Convertible Promissory Notes

 

Between July 12, 2010 and November 30, 2012, the Company issued several convertible promissory notes (collectively the “Convertible Notes”) to two existing investors in aggregate total principal amount of $1,460,000. The Convertible Notes accrued interest at 3.00% per annum and were payable on demand only after their respective 10-year maturities. Between January 1, 2013 and March 25, 2013, the Company issued additional Convertible Notes to existing investors in aggregate total principal amount of $225,000. The additional Convertible Notes accrued interest at 5.00% per annum and were payable on demand only after their respective 10-year maturities. The unpaid principal and accrued interest were only convertible into common stock following a reorganization or conversion into a corporation at the option of the holder. The unpaid principal and accrued interest will convert into common stock at the greater of the fair value of the common stock on the date of the conversion or $3.75 ($10.35 if the Company’s common stock is admitted to trade on a national exchange prior to the date of conversion).

 

On July 31, 2014, in anticipation of the completion of the reverse acquisition and the Private Offering, the note holders demanded conversion of the outstanding $1,685,000 Convertible Notes and accrued interest of $151,813 into 204,090 shares of common stock at a conversion price of $9.00 per share.

 

Promissory Notes

 

In November 2013, the Company issued two promissory notes (the “Promissory Notes”) to two existing investors in aggregate total principal amount of $600,000. The Promissory Notes accrued interest at 5.00% per annum and were due at the earliest of (1) December 19, 2014, (2) the occurrence of an event of default as defined in the Promissory Notes, (3) an initial installment of $100,000 principal amount, to each investor, upon the receipt by the Company of a minimum $6,500,000 in aggregate proceeds under any financing transaction, (4) a second installment of $100,000 principal amount, to each investor, upon the receipt by the Company of a minimum $8,500,000 in aggregate proceeds under any financing transaction, and (5) a third installment of $100,000 principal amount, to each investor, upon the receipt by the Company of a minimum $10,000,000 in aggregate proceeds under any financing transaction.
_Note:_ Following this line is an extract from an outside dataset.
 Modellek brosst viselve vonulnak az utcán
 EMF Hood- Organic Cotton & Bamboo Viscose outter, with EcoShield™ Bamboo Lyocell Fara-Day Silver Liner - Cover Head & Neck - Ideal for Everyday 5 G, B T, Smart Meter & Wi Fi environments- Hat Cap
At September 30, 2014, the Promissory Notes had an outstanding aggregate principal balance of $600,000.

 

On December 31, 2014, the note holders requested conversion of the outstanding $600,000 Promissory Notes and accrued interest of $33,333 into 70,371 shares of common stock at a conversion price of $9.00 per share.

 

Subordinated Convertible Promissory Note

 

In 2013, the Company entered into an investment banking agreement to raise up to $6 million of 10% subordinated convertible promissory notes. The agreement contemplated a reverse acquisition with a public company and an automatic conversion of the notes into units of common stock and warrants, as defined therein. In April 2013, the Company issued a $350,000 subordinated convertible promissory note (the “Subordinated Note”). The Subordinated Note accrued interest at 10% per annum and was payable on demand any time after April 2014. If the Company has not repaid the Subordinated Note at the closing of a reverse acquisition, the unpaid principal and accrued interest will automatically convert into common stock by dividing the amount due by a price per unit of $9.75. Also, upon automatic conversion, the purchaser of the Subordinated Note will receive a warrant to purchase the same number of shares in to which the Subordinated Note converts.

  

On July 31, 2014, in anticipation of the completion of the reverse acquisition and the Private Offering, the note holder demanded conversion of the outstanding $350,000 Subordinated Note and accrued interest of $44,245 into 40,436 shares of common stock at a conversion price of $9.75 per share.

 

Notes Payable - Related Parties

 

On March 30, 2016, the Company assumed $772,970 of demand notes payable in the acquisition of LMB. The principal balance of the notes payable to our Chairman, Leonard Mazur, was $760,470 and the principal balance of the notes payable to our Chief Executive Officer, Myron Holubiak, was $12,500. Notes with a principal balance of $704,000 accrue interest at the “Prime Rate”, as published in the Wall Street Journal on the last day of each month plus 1% and notes with a principal balance of $68,970 accrue interest at 12% per annum. In April 2016, $600,000 of the “Prime Rate” plus 1% demand notes payable and accrued interest of $1,985 was repaid to Leonard Mazur.

 

On September 7, 2016, the Company issued a $500,000 demand promissory note to our Chairman, Leonard Mazur which matures on the earlier of December 31, 2016 or demand by the lender. The note accrues interest at the “Prime Rate”, as published in the Wall Street Journal on the last day of each month, plus 1%.

 

Interest Expense

 

During 2013, the Company incurred $42,000 of debt issuance costs related to the Subordinated Note which was amortized over the term of the underlying debt. Amortization of debt issuance costs recorded as interest expense for the nine months ended September 30, 2014 amounted to $14,000.

 

Interest expense on the notes for the years ended September 30, 2016 and 2015, and the nine months ended September 30, 2014, including non-cash interest related to debt issuance costs, was $8,994, $7,500, and $93,067, respectively.